▶ [Action item]
Beneath this instruction is a listing; print exactly the lines in it starting at the line that contains "Set of 4 1992" and going through the line that contains "Wine bottle and".

▶ [Dataset excerpts]
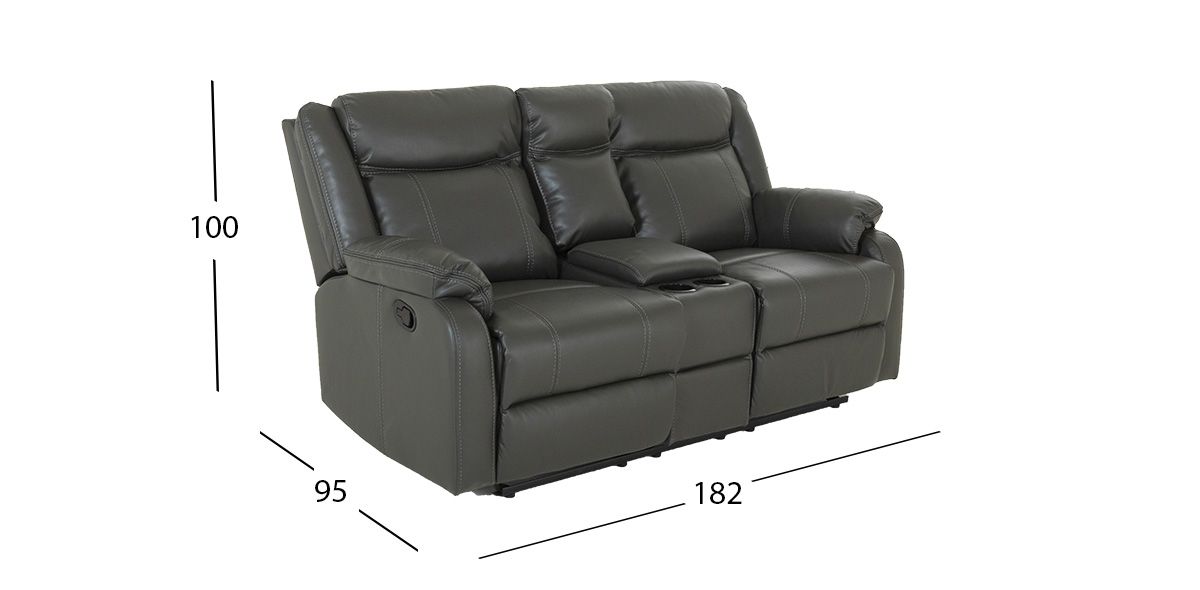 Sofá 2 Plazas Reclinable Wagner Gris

...

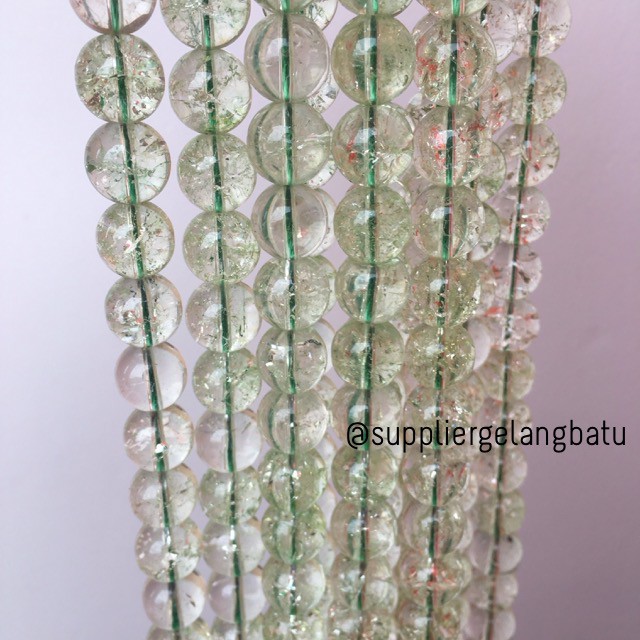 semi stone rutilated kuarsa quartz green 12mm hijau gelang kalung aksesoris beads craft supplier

==

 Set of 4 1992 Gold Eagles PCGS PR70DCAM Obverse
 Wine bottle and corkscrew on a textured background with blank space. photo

▶ [Exercise result]
 Set of 4 1992 Gold Eagles PCGS PR70DCAM Obverse
 Wine bottle and corkscrew on a textured background with blank space. photo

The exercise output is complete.